There is research to support that mindfulness can be used to reduce stress and anxiety in the post-secondary student population (Bamber & Schneider, 2015). In addition, the research supports the use of mindfulness in the development of compassion and empathy (Kerrigan, Chau, King, Holman, Joffe & Sibinga, 2017). It is important to consider that this combination can not only impact the individual, but can transform society. As we learn to become kinder to ourselves, we develop an inclination to be kinder to others. The caution to this, however, is that mindfulness should not be considered as a quick fix. There are often many variables such as root causes creating stress and anxiety that need to be examined and addressed in addition to the implementation of mindfulness practice (O’Donnell, 2015).
Although I look forward to implementing a mindfulness workshop into the nursing curriculum this coming winter (which was developed through this program), I have learned that there is much to consider when it comes to the operationalization of mindfulness. To ensure program sustainability that adheres to the guiding ethical framework, a paradigmatic shift is needed. Time, patience, and dedication are required to address the external factors within nursing education and practice that continue to perpetuate learner stress and anxiety. Aligned with my ongoing commitment to connect theory to practice, I will encourage learners to look inward and together we can mindfully develop a deeper connection to our own experiences through compassionate inquisitiveness. To summarize the words expressed by Jon Kabat-Zinn (2017) on Parliament Hill, individual mindfulness is a radical act of both sanity and love. When we provide opportunities to practice mindfulness collectively, the radical acts of sanity and love increase exponentially. I encourage you to carve out time in your day for mindfulness, and invite others to join you, developing a deeper connection to your own experiences and an increasing awareness of the experience of others.
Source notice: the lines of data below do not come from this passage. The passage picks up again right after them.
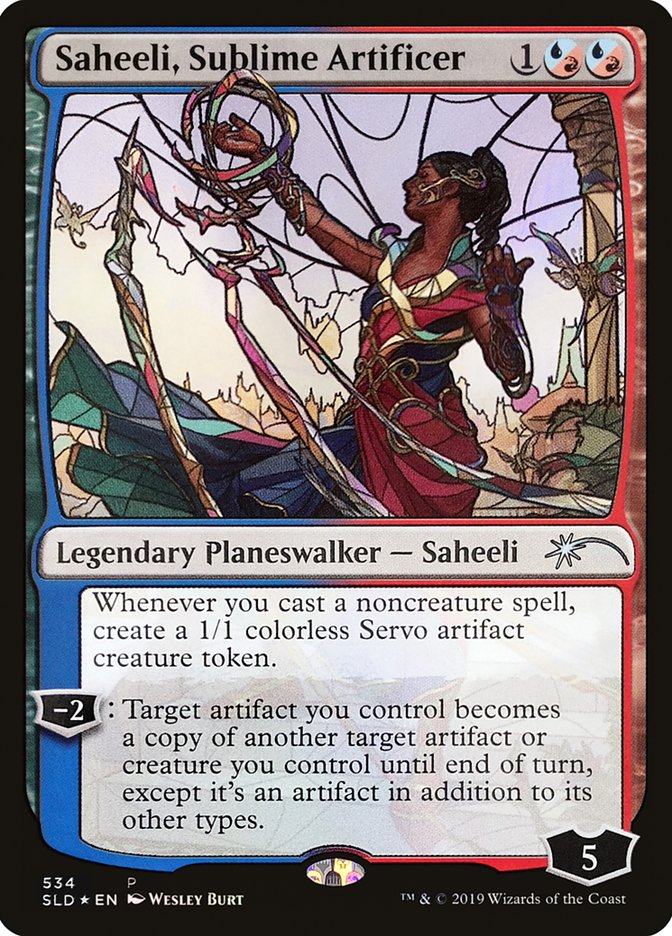 Saheeli, Sublime Artificer (Stained Glass) [Secret Lair Drop Promos] | Gamer Loot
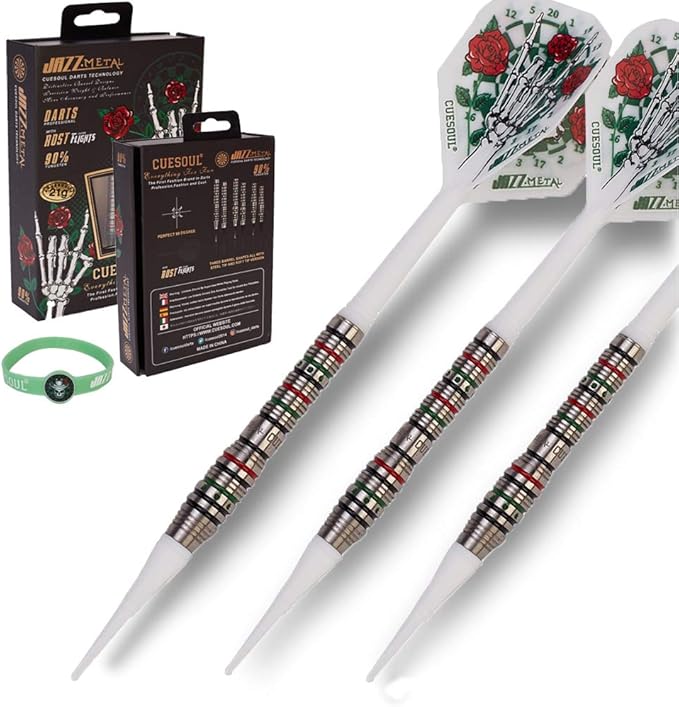 CUESOUL Soft Tip Darts Set Plastic Tip with Dart Case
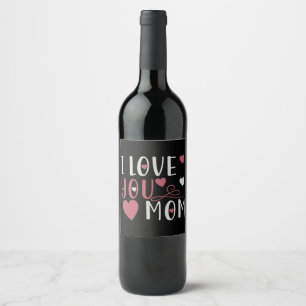 Étiquette Pour Bouteilles De Vin Maman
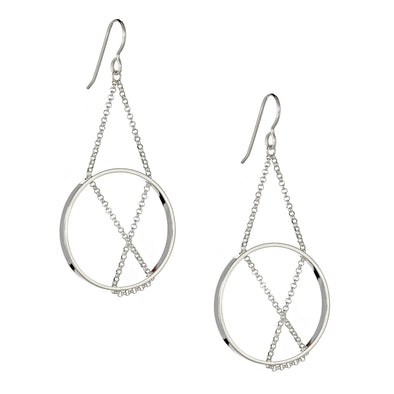 Earrings: Inner Circle Sterling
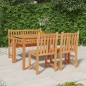 vidaXL 4-tlg. Garten-Essgruppe Massivholz Teak vidaXL 4-tlg. Garten-Essgruppe Massivholz Teak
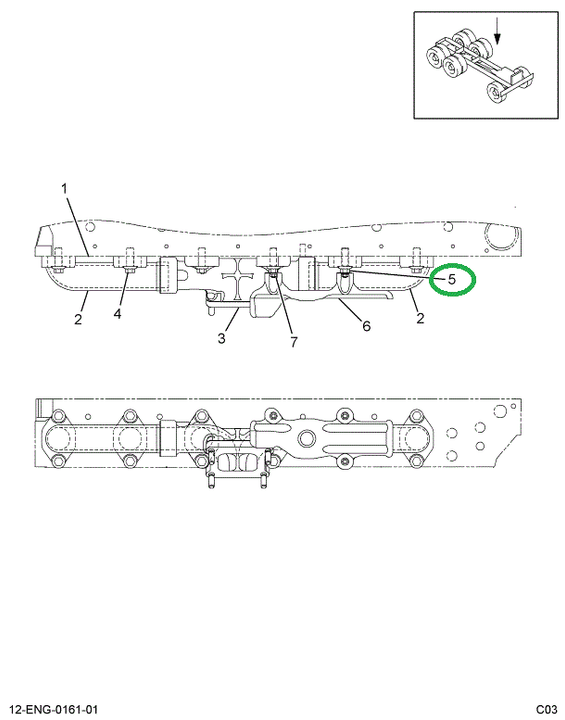 1840513C1 BOLT PREV. TORQUE STUD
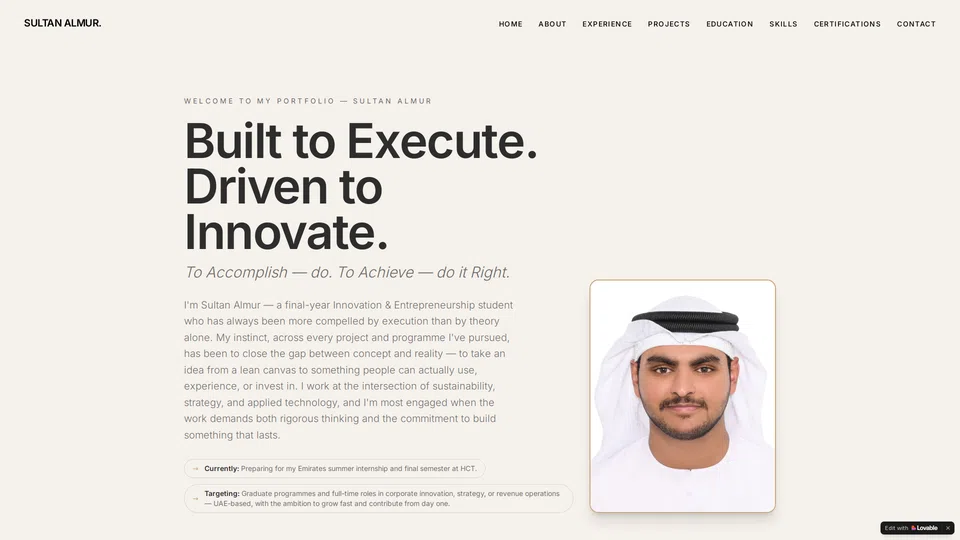 Homepage snapshot at launch
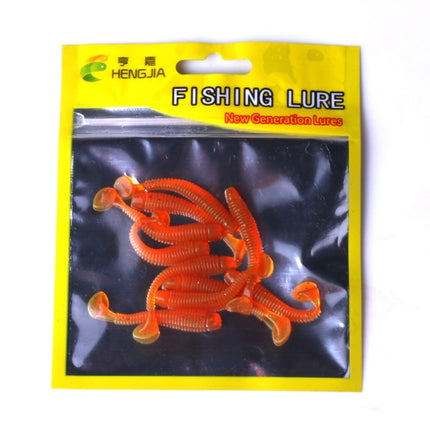 HENGJIA SO041 5cm/0.6g 10 PCS Fishing Wobbler Soft Jigging Fishing Lure Worm Swimbaits Silicone Bait-garmade.com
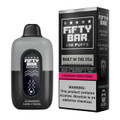 Fifty Bar V2 20000 Puff Disposable Strawberry Super Strudel - Black Series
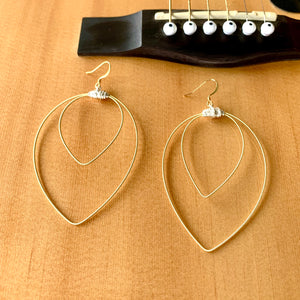 Double Pick Loop Earrings
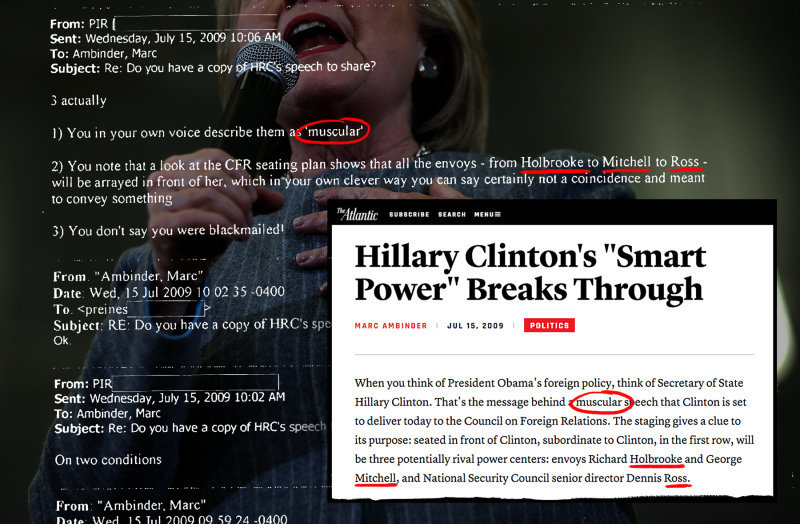 hillary clinton email controlling news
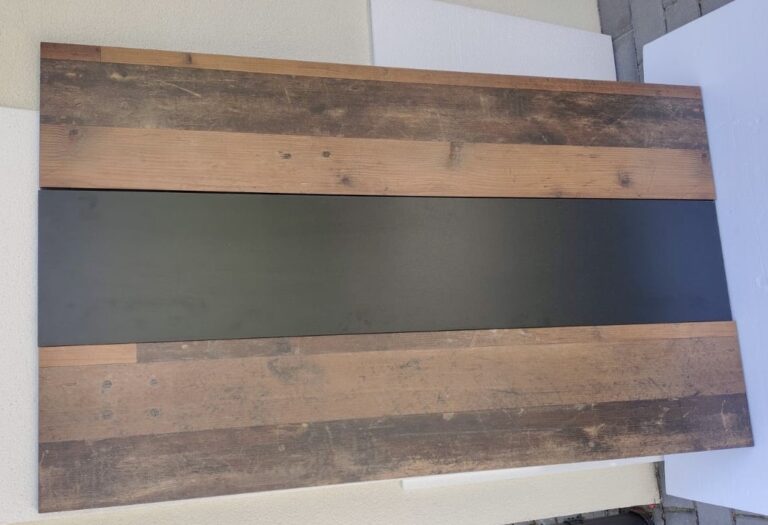 Jídelní stůl – design old wood/černá, bílá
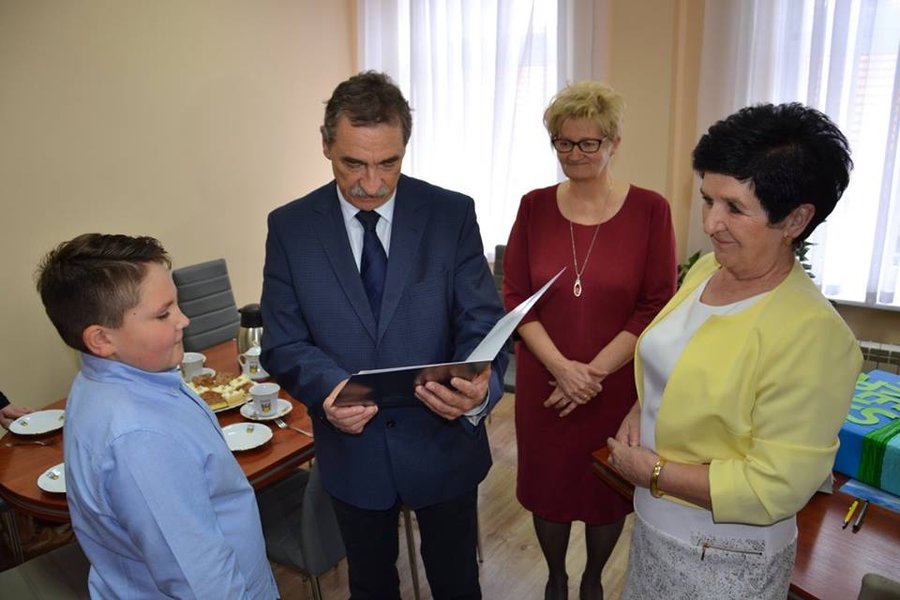 Młody kucharz odebrał nagrodę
Landyn Blais wrote this blog for her Contemporary Issues in Education course in the Master of Education (Adult Education) Program at Yorkville Universtiy
Bamber, M.D., & Schneider, J.K. (2015). Mindfulness-based meditation to decrease stress and anxiety in college students: A narrative synthesis of the research. Educational Research Review, 18 (2016), 1-32.doi.org/10.1016/j.edurev.2015.12.004
Kabat-Zinn, J. (2017). Mass mindfulness meditation for peace. [Presentation]. Presented by Innerspace -Mindfulness Meditation. Ottawa, On.
Kabat-Zinn, J. (2003). Mindfulness-based interventions in context: past, present, and future. Clinical Psychology: Science and Practice, 10(12), 144-156. doi.10.1093/clipsy/bpg016
Kerrigan, D., Chau, V., King, M., Holman, E., Joffe, A., & Sibinga, E. (2017). There is no performance, there is just this moment: The role of mindfulness instruction in promoting health and well-being among students at a highly-ranked university in the united states. Journal of Evidence-Based Complementary & Alternative Medicine, 2156587217719787.
O’Donnell, A. (2015). Contemplative pedagogy and mindfulness: Developing creative attention in an age of distraction. Journal of Philosophy of Education, 49(2), 187-202.